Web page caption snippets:
■ ■ ■

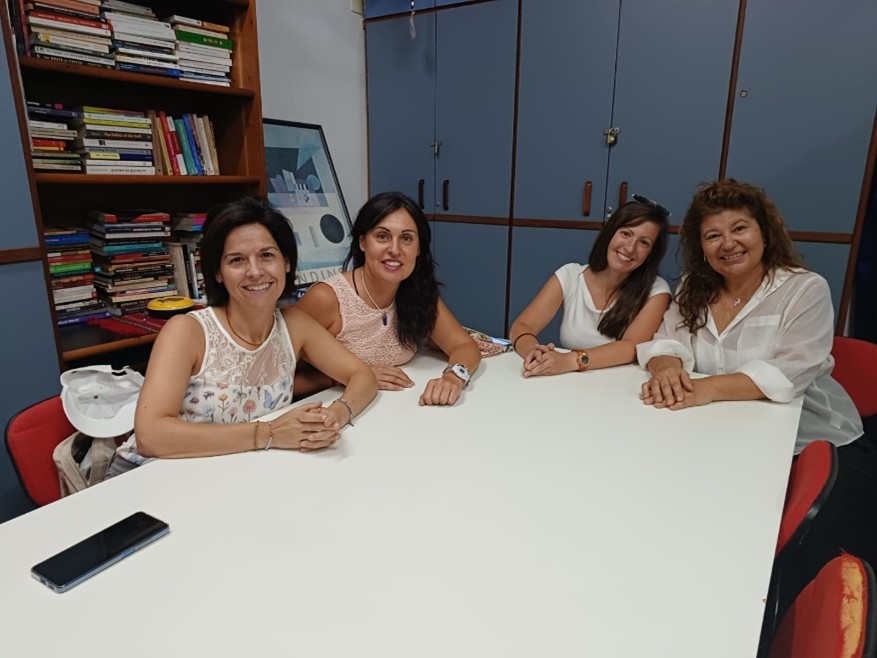 Reunió amb la professora Márcia Regina Viana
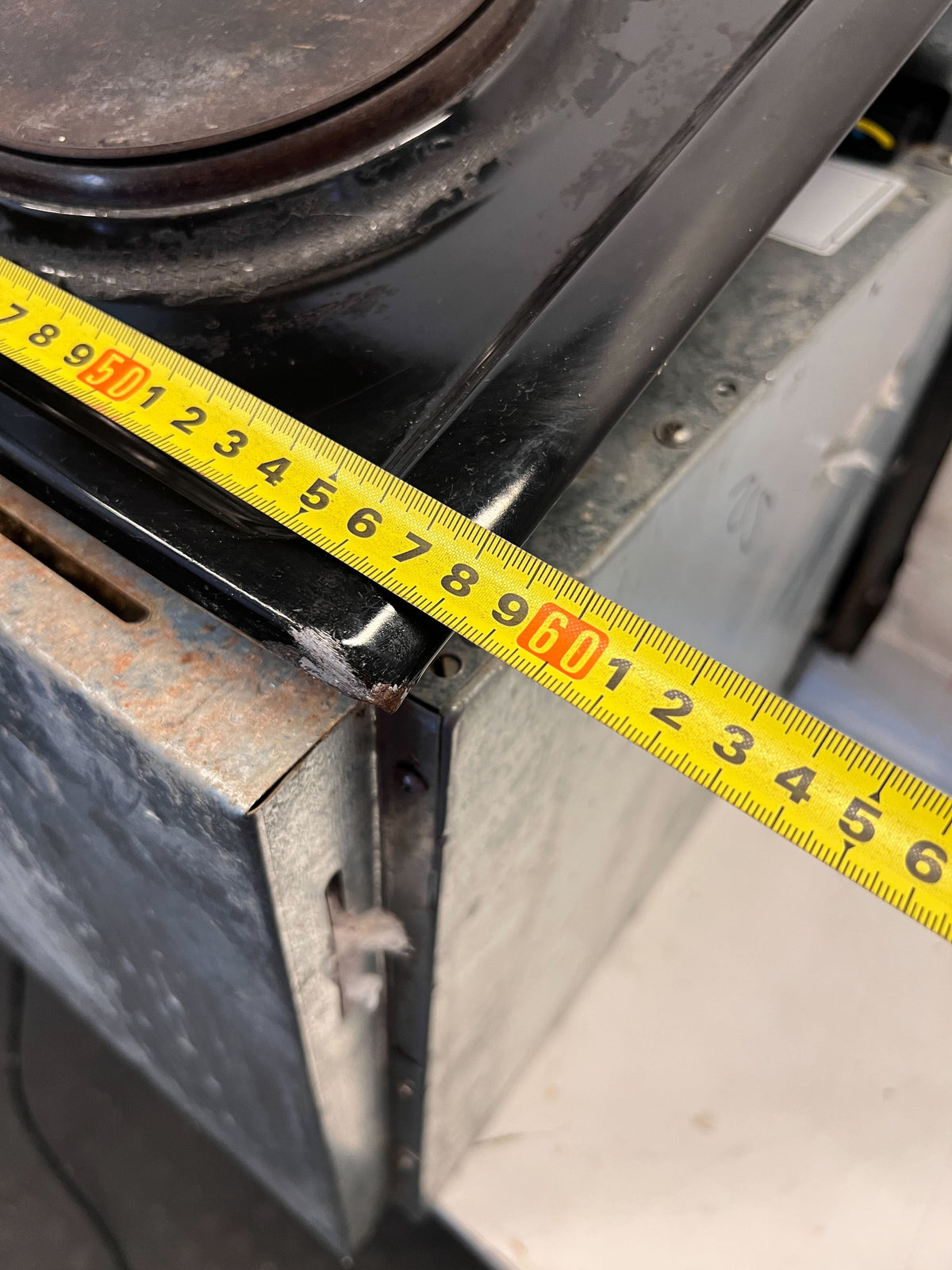 Defy Miniline Black Built-In Oven - Pre-Loved Kitchen Essential - 2ndhandwarehouse.com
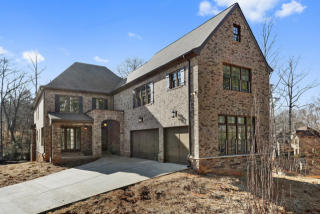 3834 Chamblee Dunwoody Rd, Atlanta GA  30341-1702 exterior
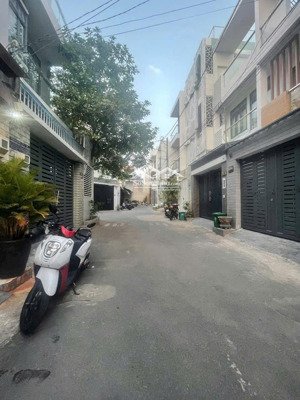 bán nhà full nội thất khu dân cư apec trường thọ thủ đức, tphcm, lh 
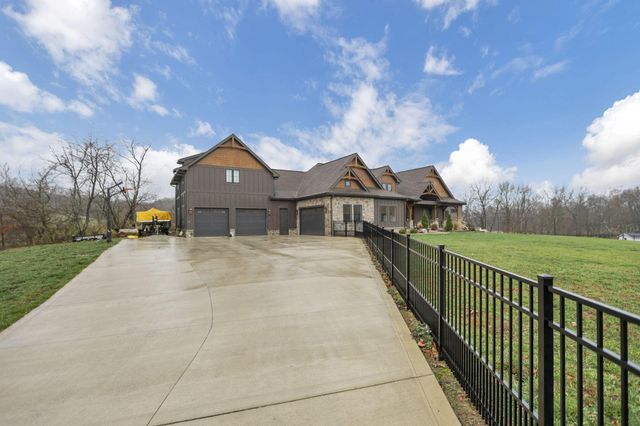 4190 Brownsville Road SE, Heath, OH 43056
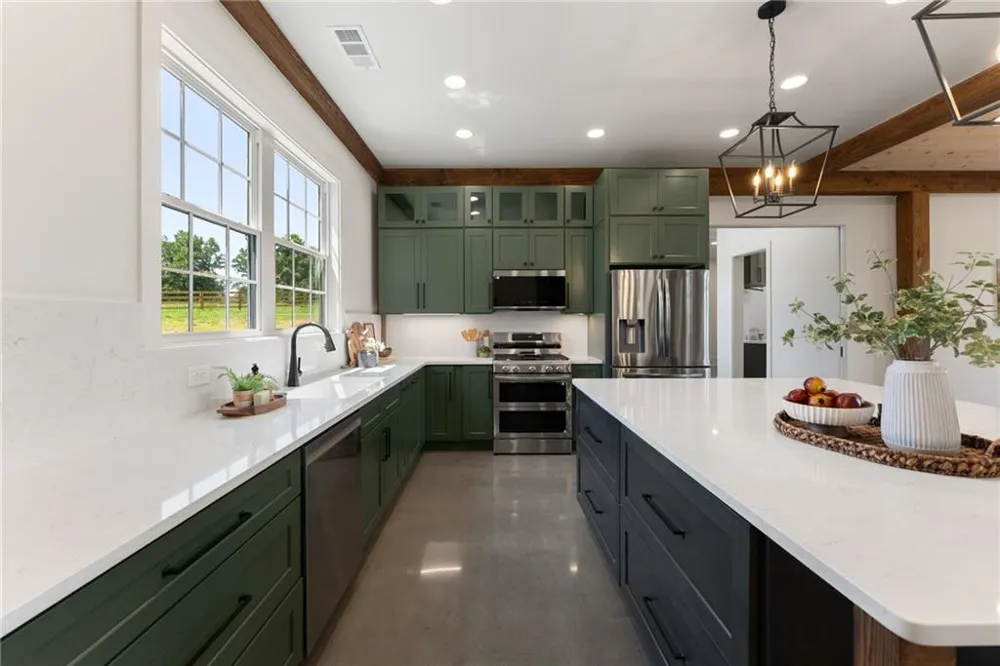 5711 Cleveland Highway Clermont, GA 30527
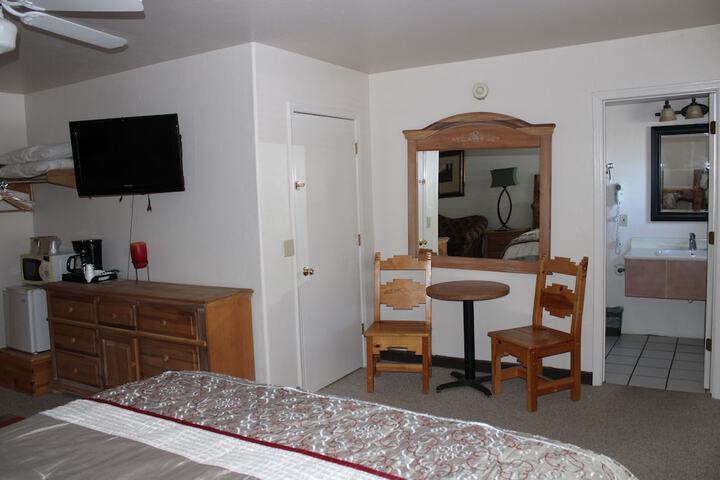 Room 22 of 104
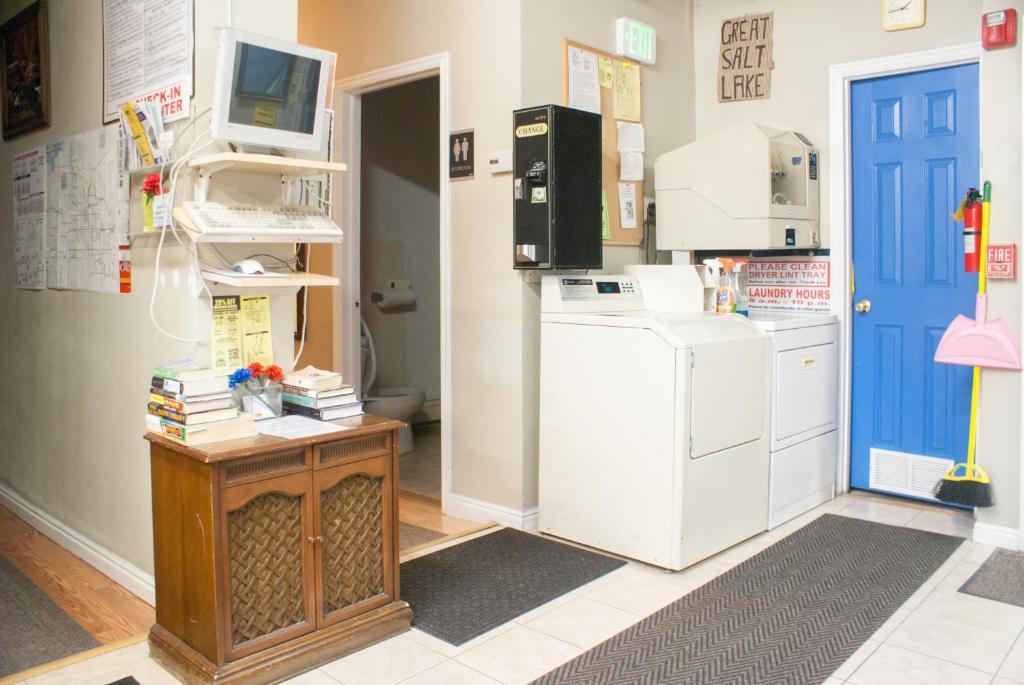 Camelot Inn & Hostel Salt Lake City Bagian luar foto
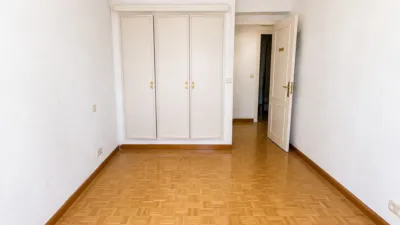 Apartment on Avenida del General Perón photo 3
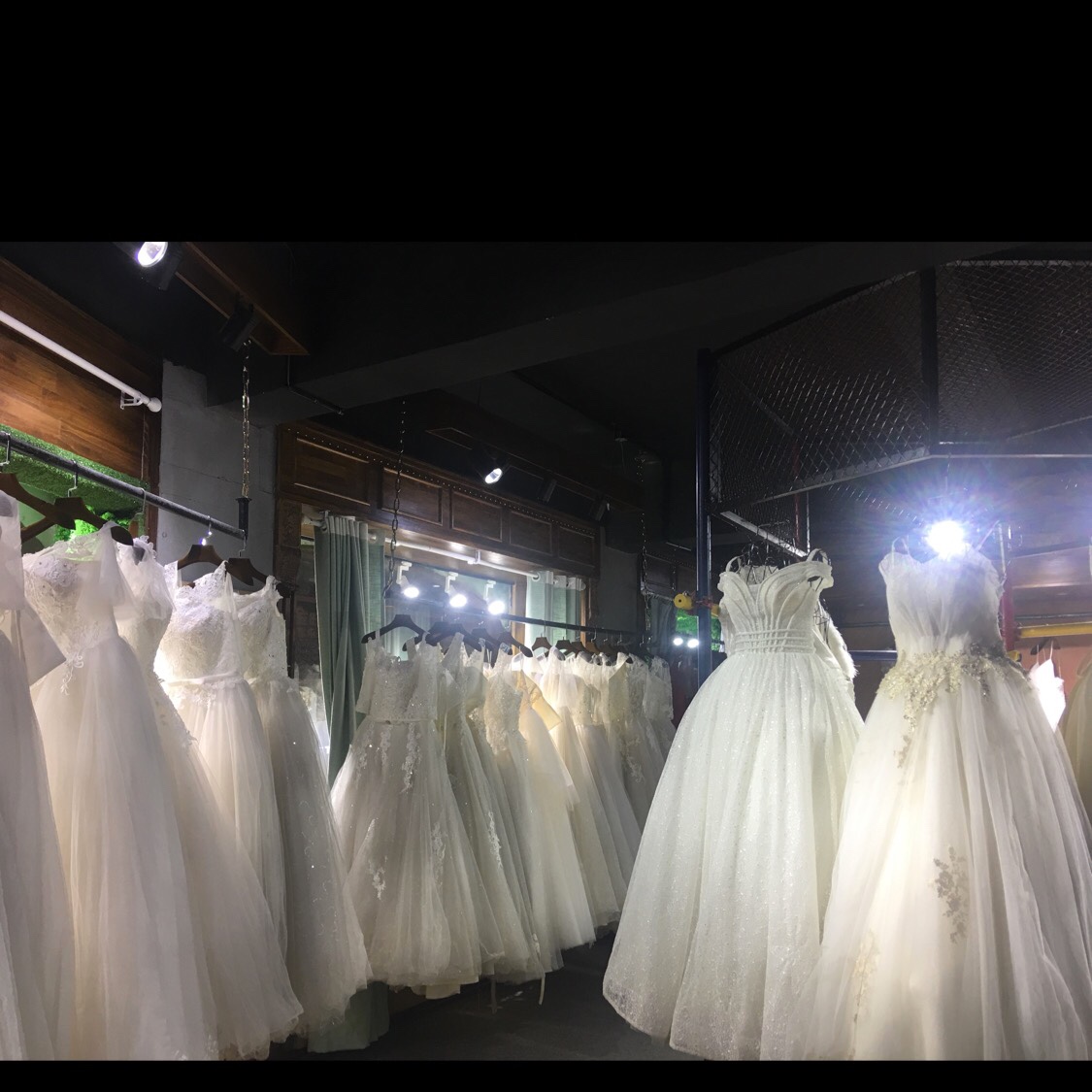 皇室经典婚纱摄影(南京路店)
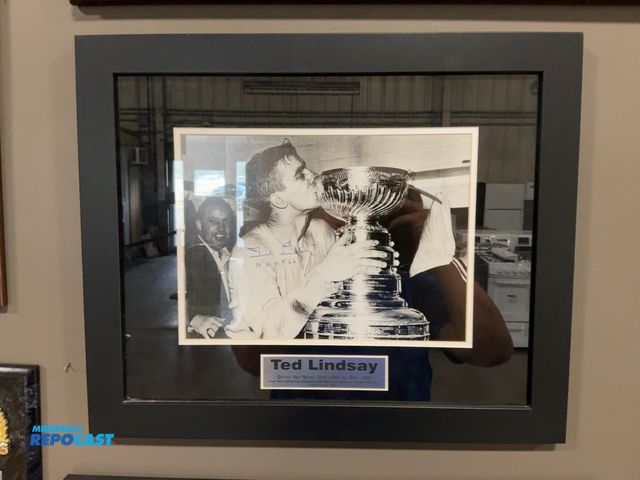Lot 2-53301 - Framed Ted Lindsey Autographed Picture, 23” x 18”
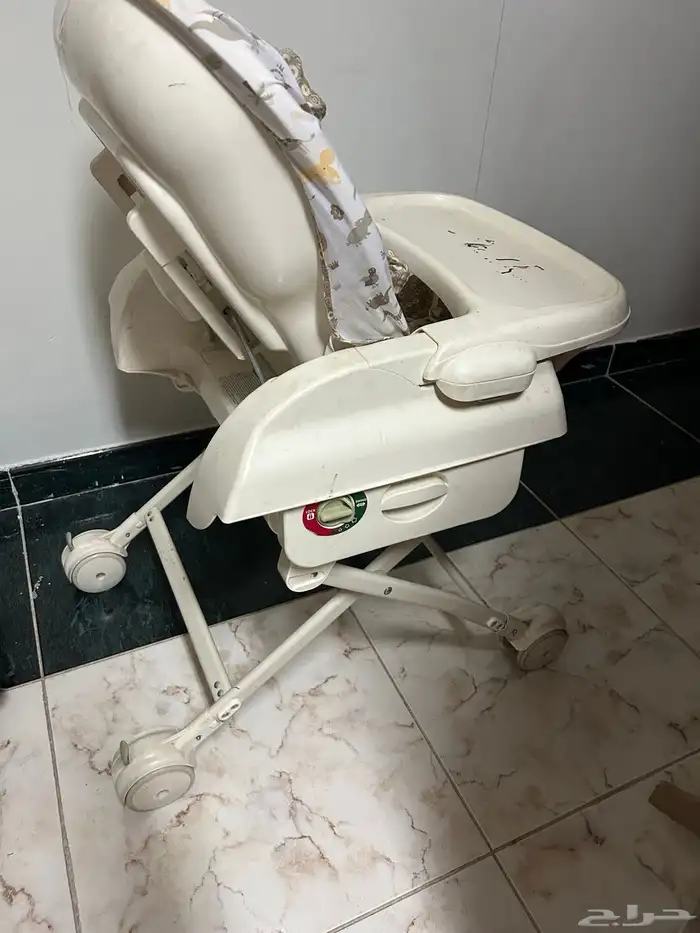 سرير اطفال بعجلات من عمر 0-4 أشهر  طاوله للسنتين 3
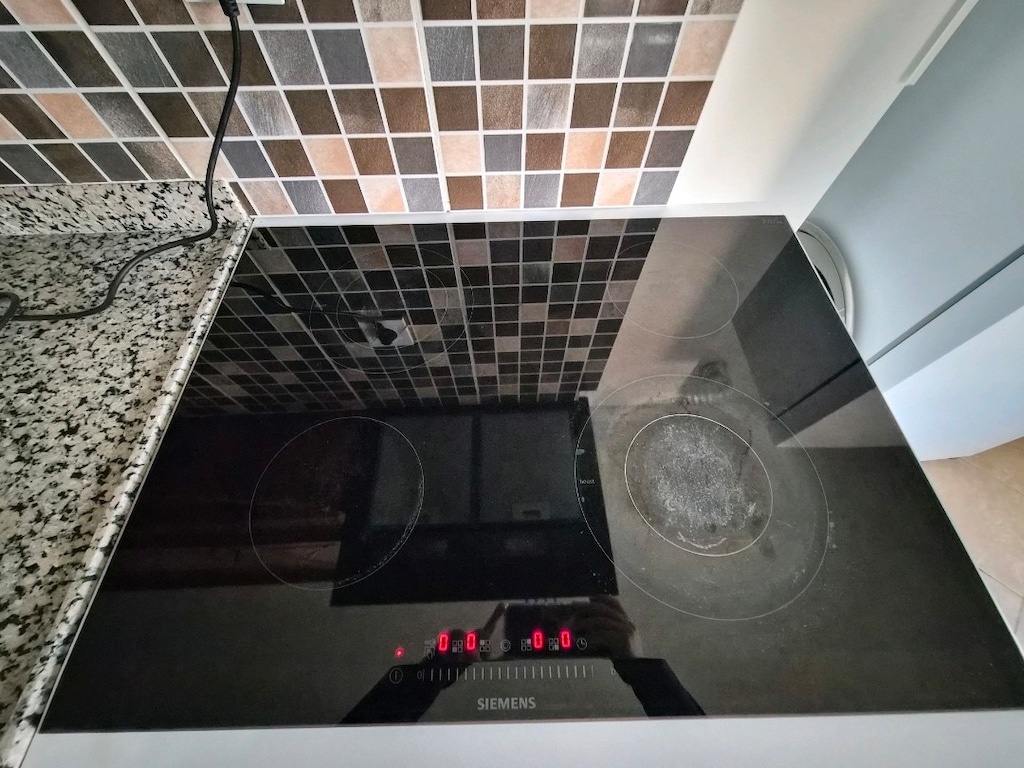 Davlumbaz+elektrili ocak taşınma sebebinle satılıyor - 3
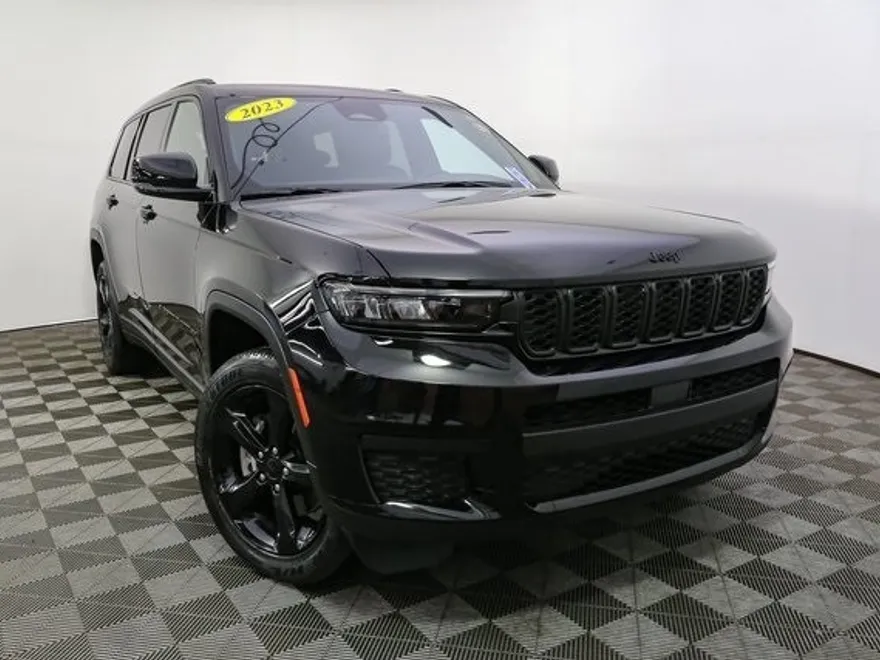2023 Jeep Grand Cherokee Altitude X photo 1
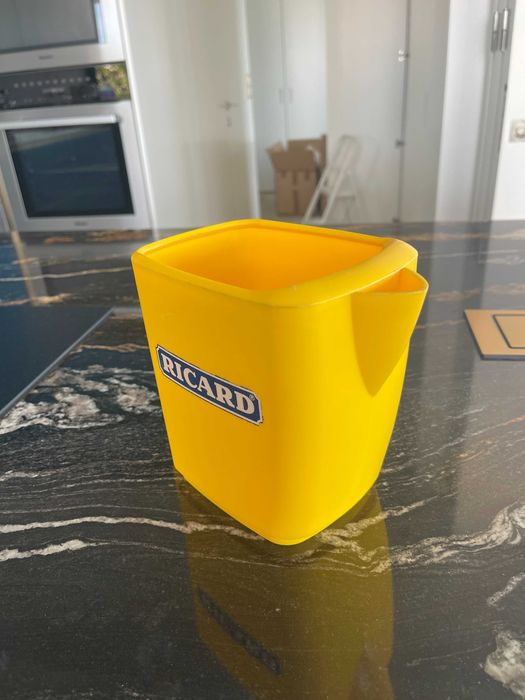 Jarro de água RICARD material plástico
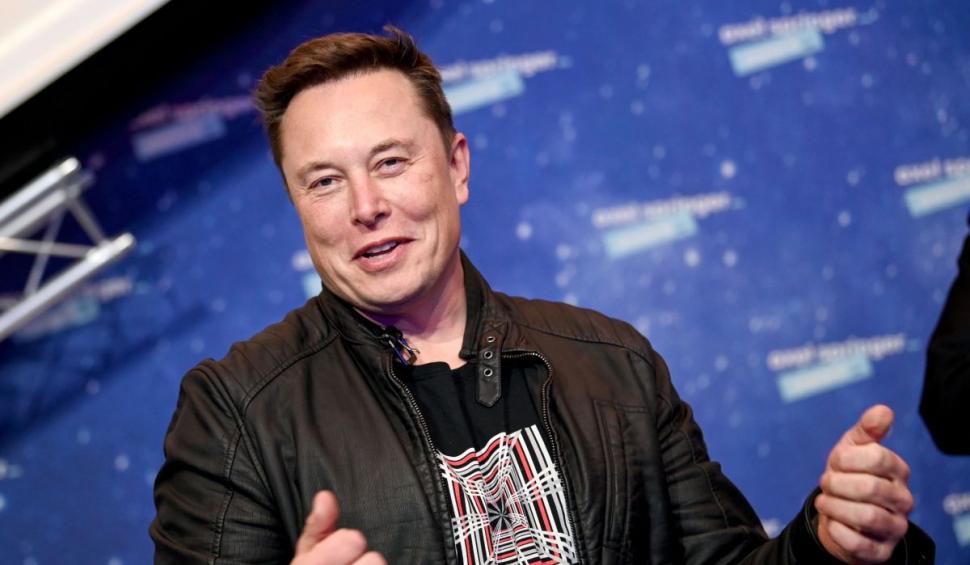 Cine e românul care participă la petrecerea miliardarilor, alături de Elon Musk, la castelul Bran 797267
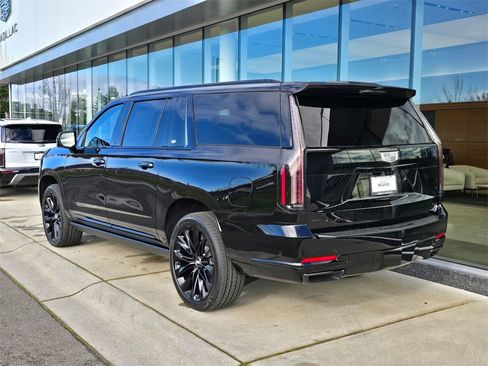 New 2026 Cadillac Escalade ESV Platinum Sport image 3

■ ■ ■

#### YOUR INSTRUCTIONS
Print, word for word, every entry shown above; the pictures stay out.

#### REPLY
 Reunió amb la professora Márcia Regina Viana
 Defy Miniline Black Built-In Oven - Pre-Loved Kitchen Essential - 2ndhandwarehouse.com
 3834 Chamblee Dunwoody Rd, Atlanta GA  30341-1702 exterior
 bán nhà full nội thất khu dân cư apec trường thọ thủ đức, tphcm, lh 
 4190 Brownsville Road SE, Heath, OH 43056
 5711 Cleveland Highway Clermont, GA 30527
 Room 22 of 104
 Camelot Inn & Hostel Salt Lake City Bagian luar foto
 Apartment on Avenida del General Perón photo 3
 皇室经典婚纱摄影(南京路店)
Lot 2-53301 - Framed Ted Lindsey Autographed Picture, 23” x 18”
 سرير اطفال بعجلات من عمر 0-4 أشهر  طاوله للسنتين 3
 Davlumbaz+elektrili ocak taşınma sebebinle satılıyor - 3
2023 Jeep Grand Cherokee Altitude X photo 1
 Jarro de água RICARD material plástico
 Cine e românul care participă la petrecerea miliardarilor, alături de Elon Musk, la castelul Bran 797267
 New 2026 Cadillac Escalade ESV Platinum Sport image 3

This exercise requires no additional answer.